What is needed: Copy the lines below, word for word, from the first through the line containing "Wikileaks founder Julian". Leave the pictures out.

Data for analysis:
+---+

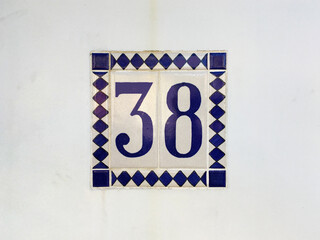 Fototapeta premium Tiled house number 38 on a building wall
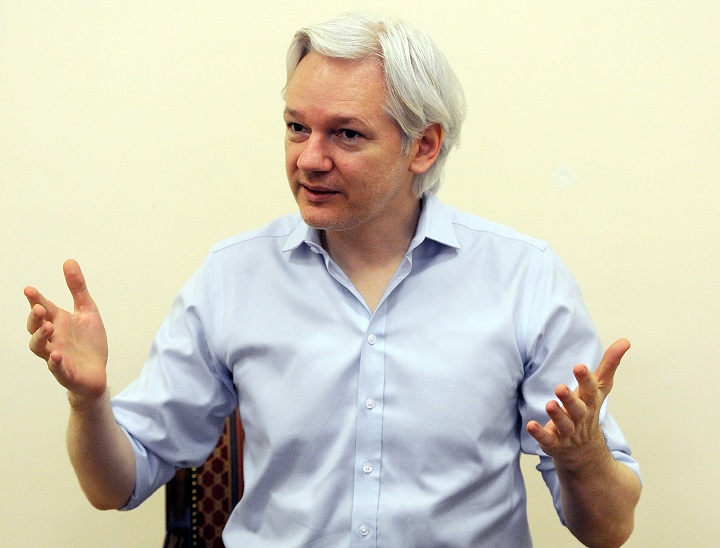 Wikileaks founder Julian Assange speaks to the media inside the Ecuadorian Embassy in London on June 14, 2013.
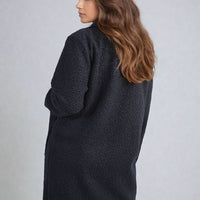 Dark textured button-front long jacket with front pockets and three-quarter sleeves.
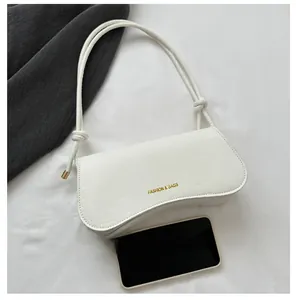 Détail du sac blanc à texture crocodile avec logo doré et bandoulière décorative nouée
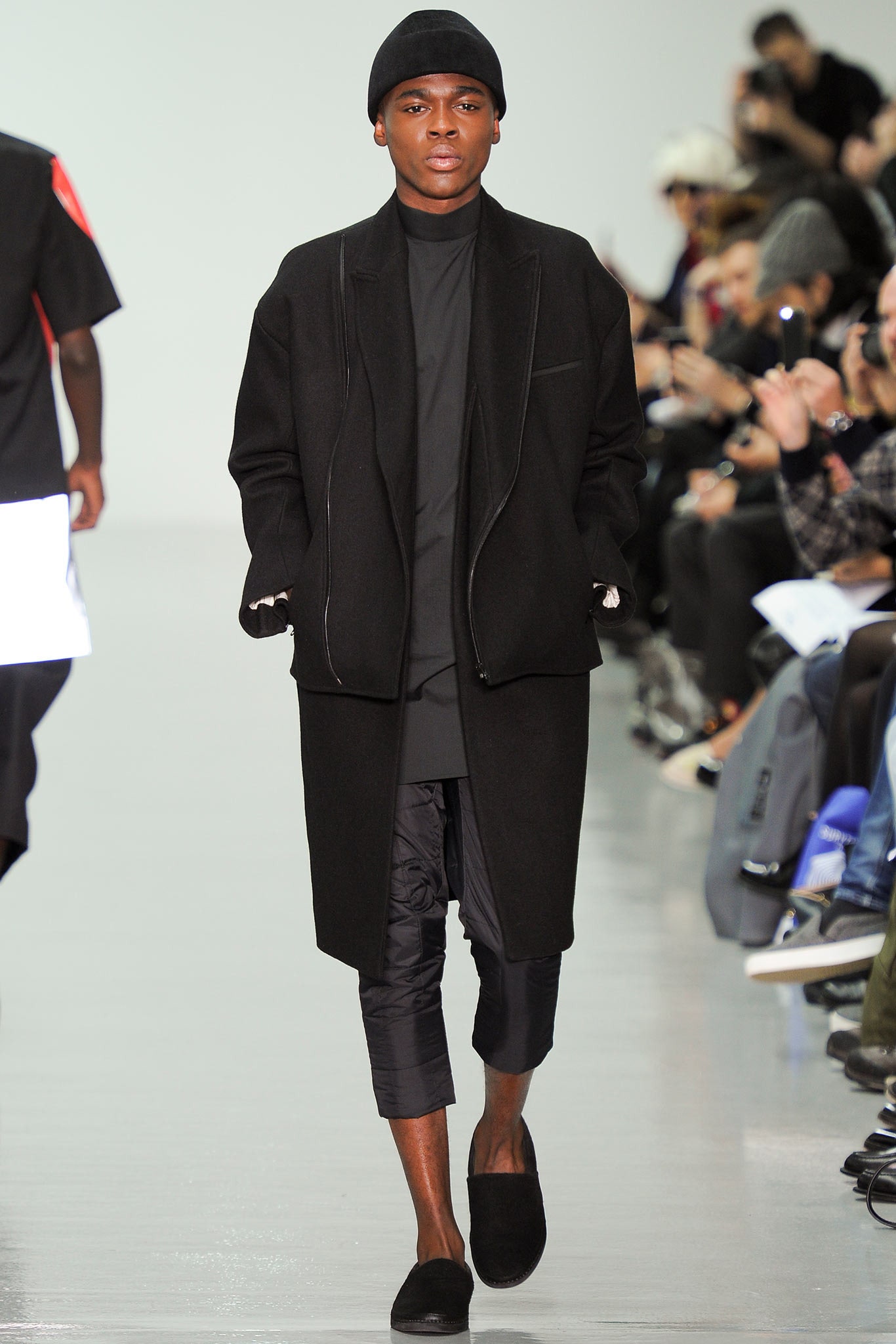 black wool coat with fitted top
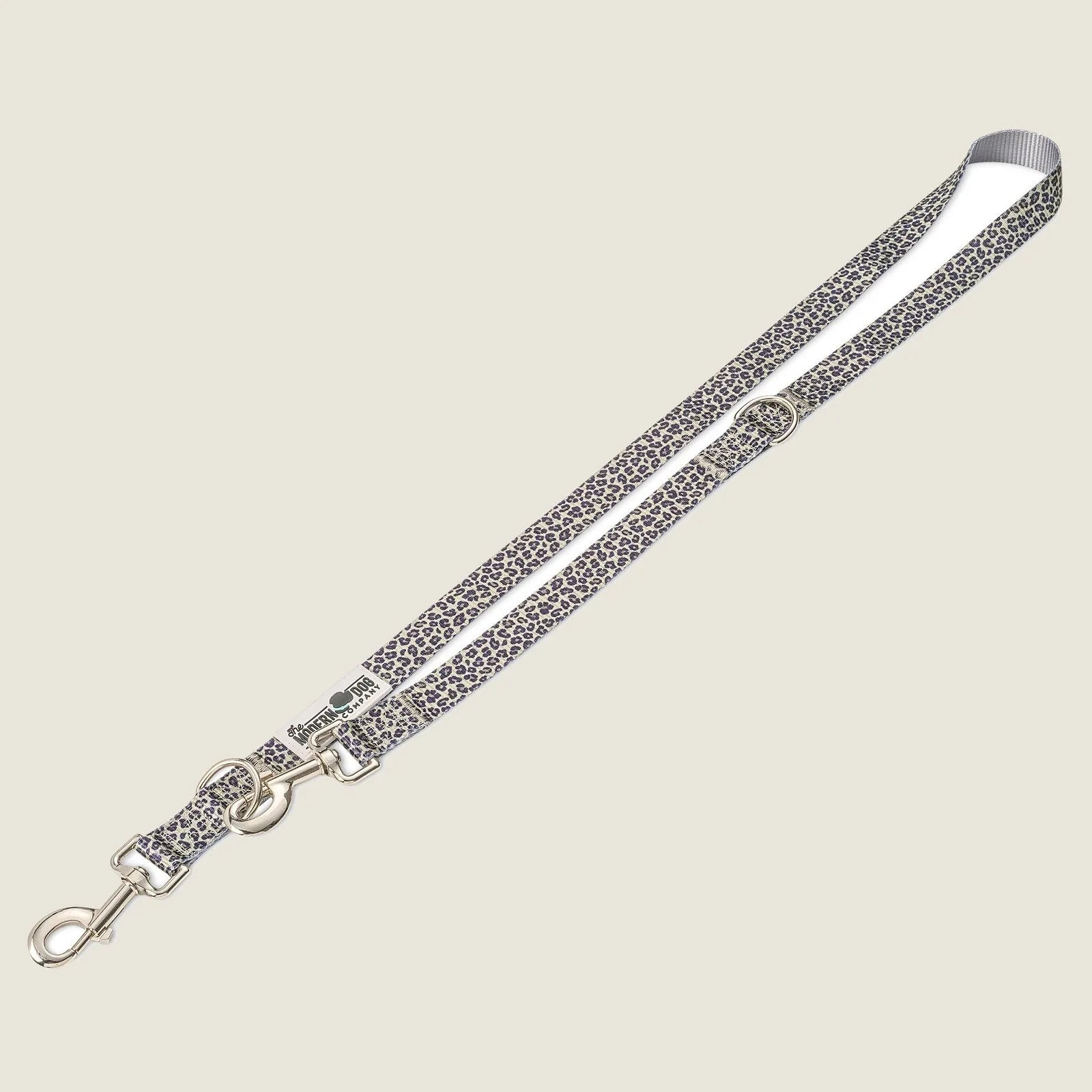 Leash featuring a dual swivel bolt snap and a playful leopard print, suitable for stylish dog walks and adventures.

+---+

Result for this exercise:
 Fototapeta premium Tiled house number 38 on a building wall
 Wikileaks founder Julian Assange speaks to the media inside the Ecuadorian Embassy in London on June 14, 2013.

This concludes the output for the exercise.